(Provided data begins)
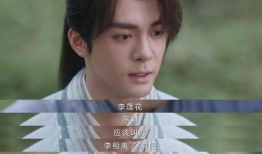 莲花电视剧,穿越时空的传奇爱情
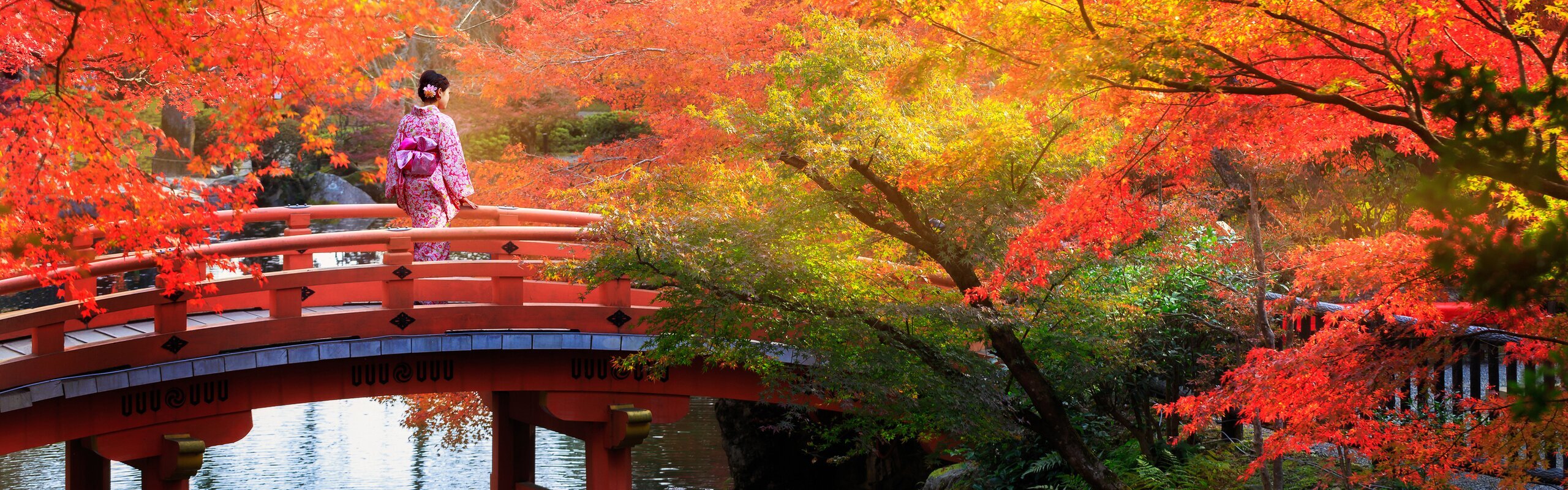 9-Day Japan Highlights Tour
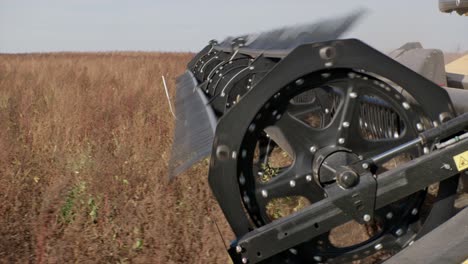 Combine-harvester-harvesting-organic-soybeans-on-sunny-day-slow-motion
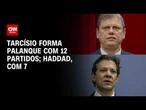 Eleições 2026: Tarcísio forma palanque com 12 partidos; Haddad com 7 | CNN 360º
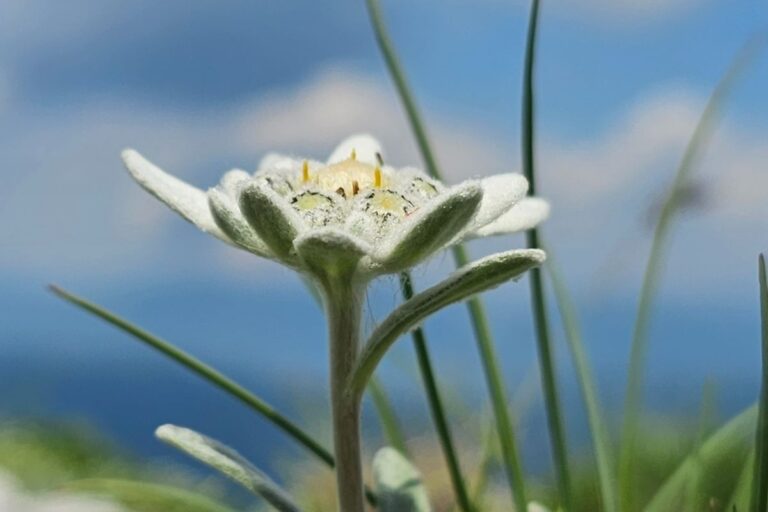 Edelweiss flower in natural surroundings with a blue sky background.
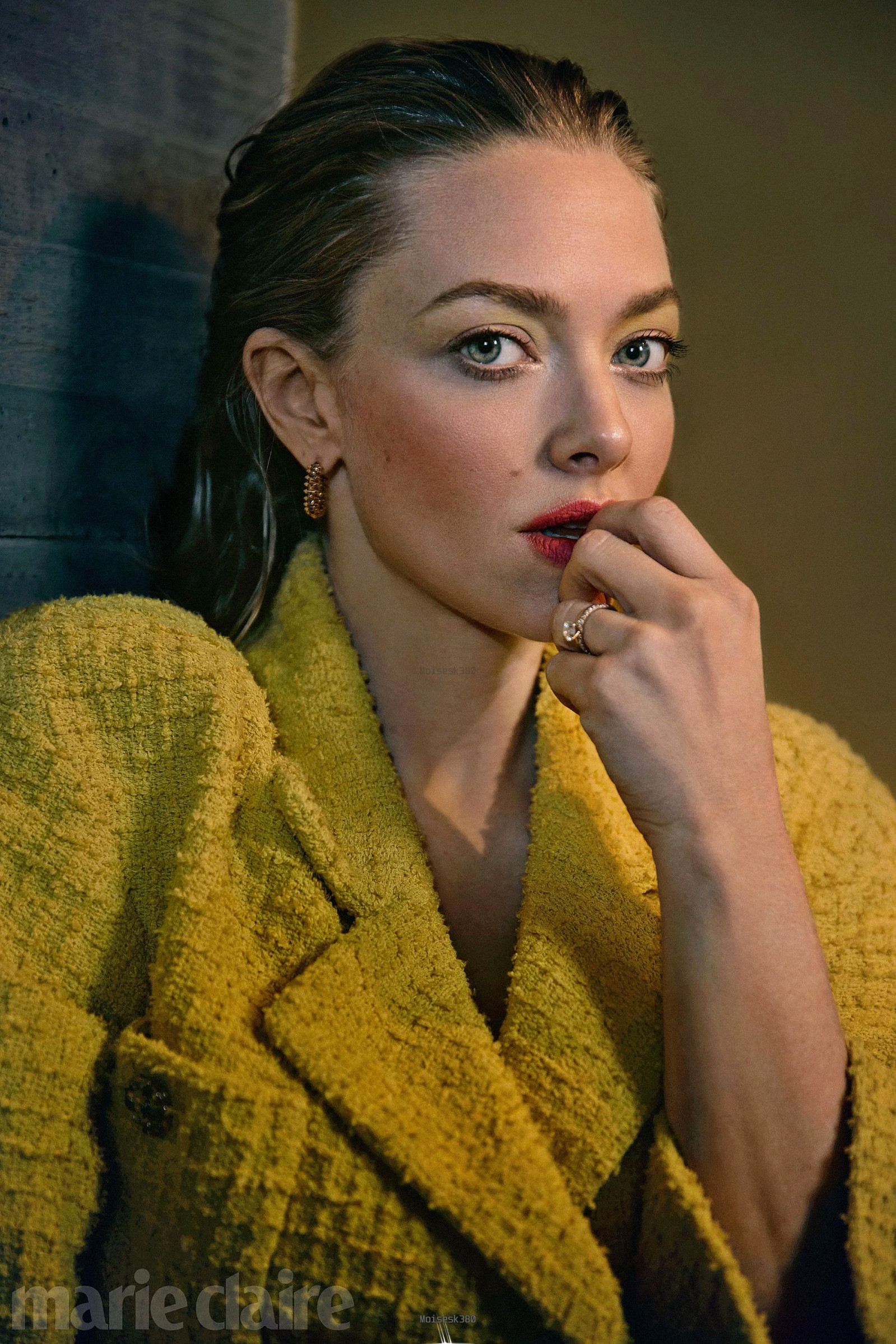 Аманда Сейфрид (Amanda Seyfried)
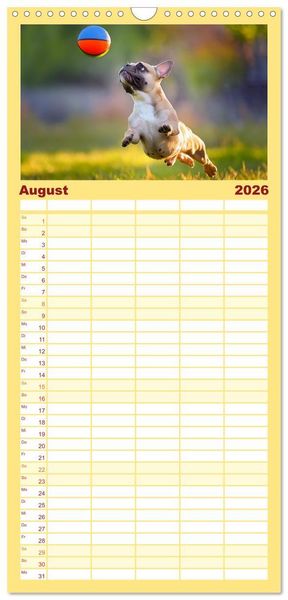 Produktbild: Familienplaner 2026 - Bullys in Action - Franz&ouml;sische Bulldoggen lieben B&auml;lle mit 5 Spalten (Wandkalender, 21 x 45 cm) CALVENDO
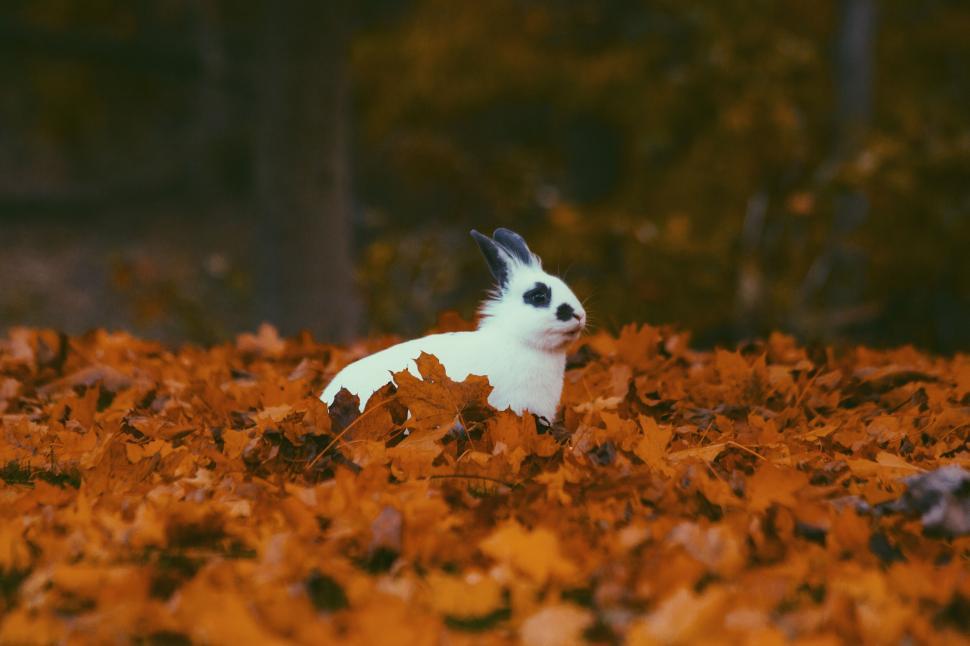 Free Image of Cute white rabbit surrounded by autumn leaves 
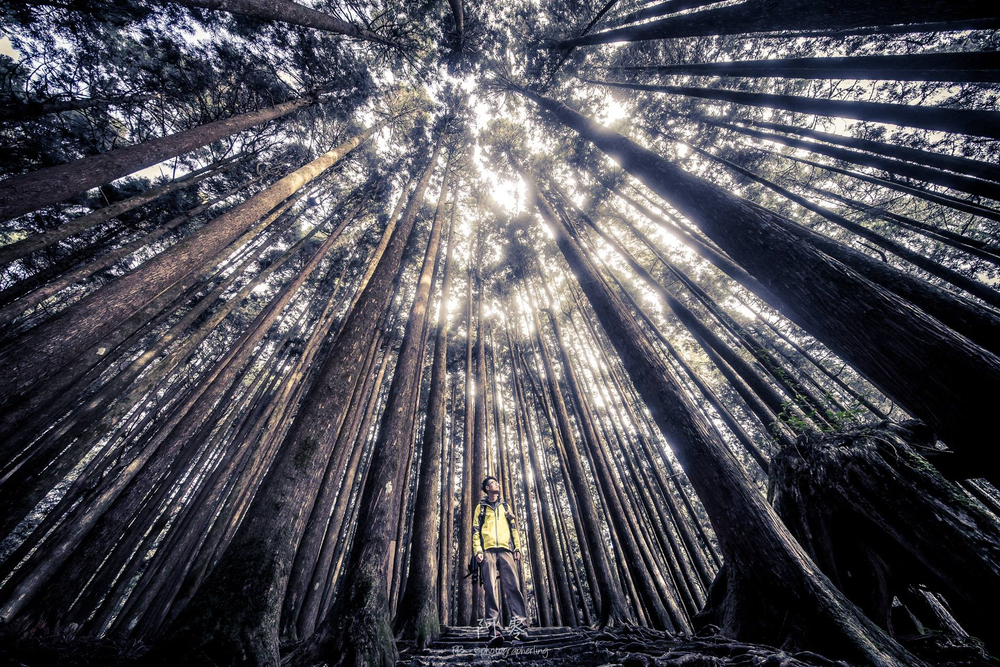 Объектив Laowa 12mm f/2.8 Lite Zero-D FF Auto Focus Nikon Z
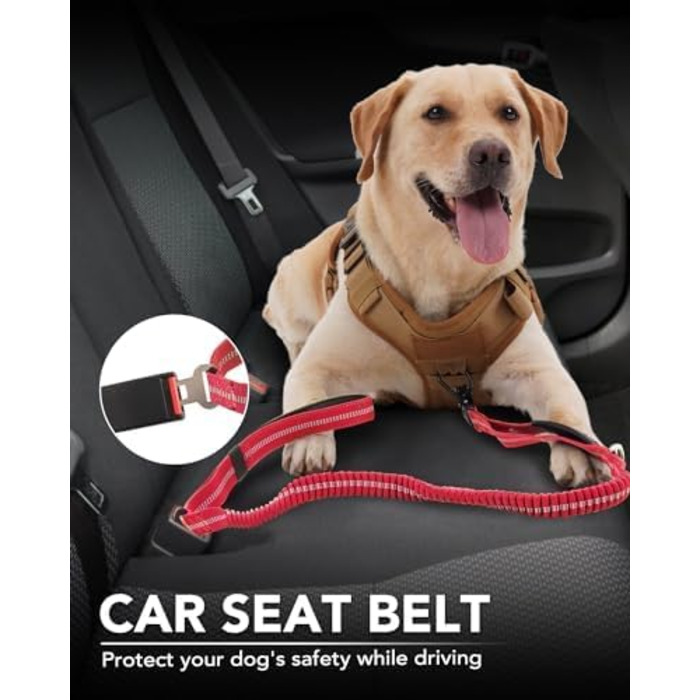 Тактична повідок для собак Joytale, еластична (bungee) повідок з 2 м'якими ручками, автофіксатор, повідок без ривка для собак середніх, великих та екстра-великих порід (1.2м-1.8м, червона)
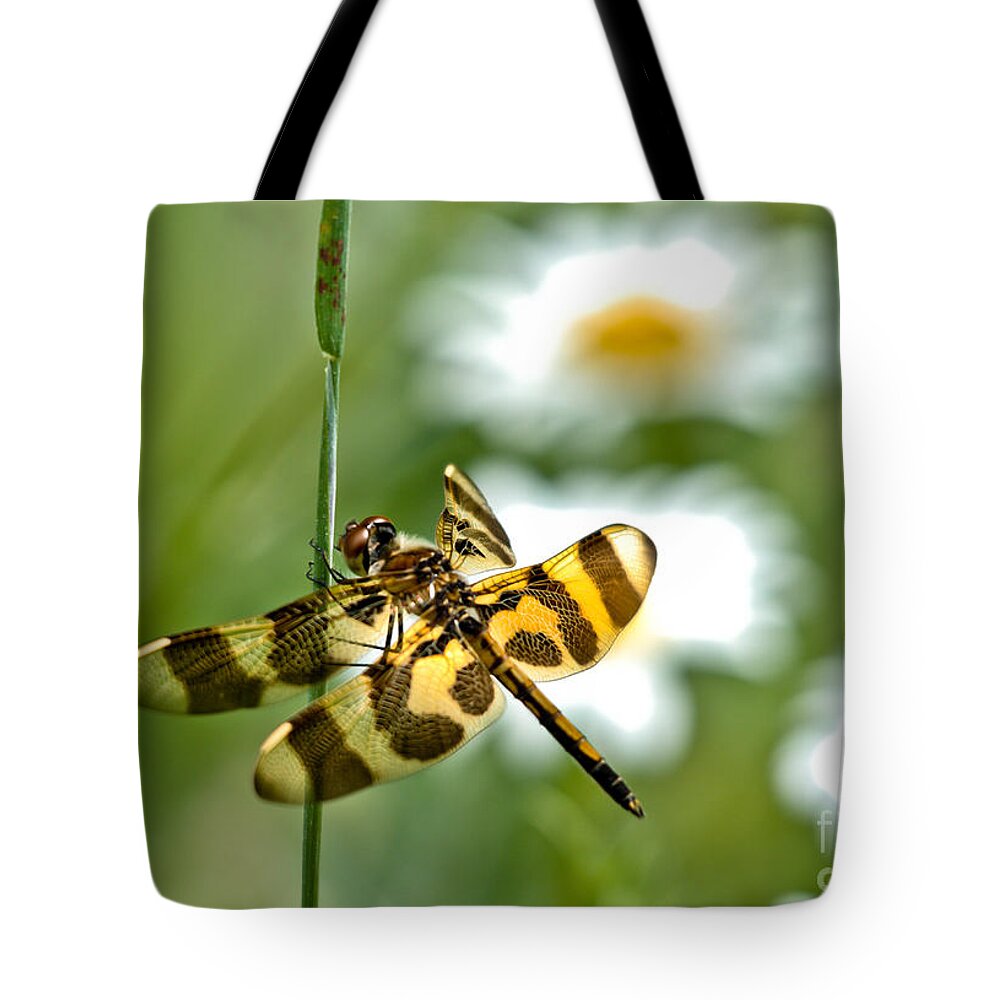 Halloween Pennant Dragonfly Tote Bag featuring the photograph A Dragonfly's Life by Cheryl Baxter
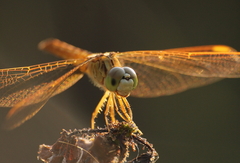 Crocothemis servilia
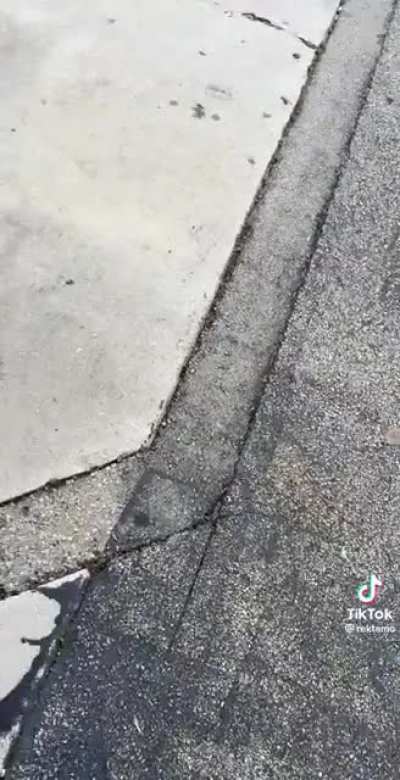 this some fuck shit😭😭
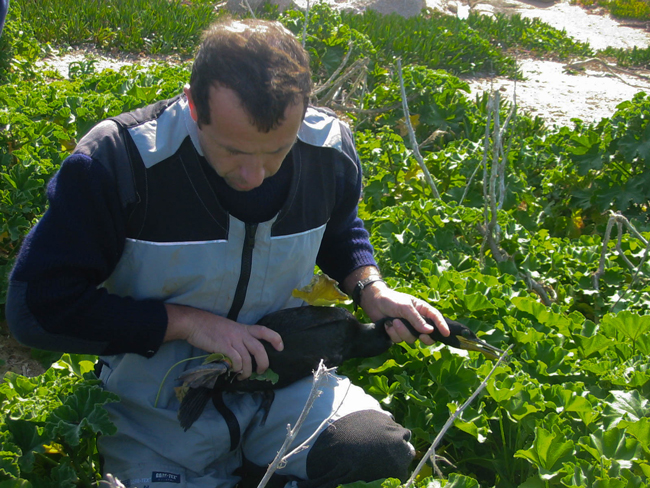 Photos : Parc marin international Photos : Parc marin international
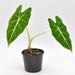 Alocasia Green Velvet - indoor plant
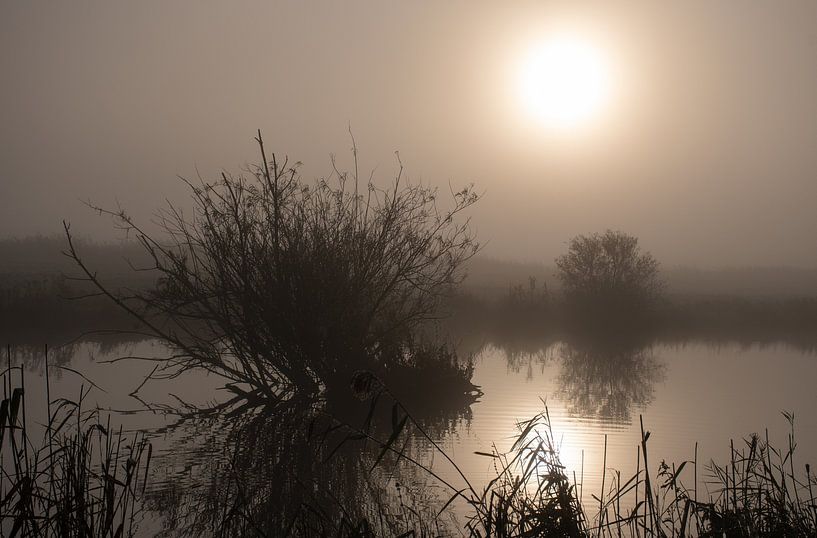 atmosphère mystérieuse dans le polder par Jan Brand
(Provided data ends)
## The task
Write out the line that contains "this some fuck shit😭😭" and every line after it to the end of the data, exactly as they stand. Omit the pictures.

## Response to this exercise
 this some fuck shit😭😭
 Photos : Parc marin international Photos : Parc marin international
 Alocasia Green Velvet - indoor plant
 atmosphère mystérieuse dans le polder par Jan Brand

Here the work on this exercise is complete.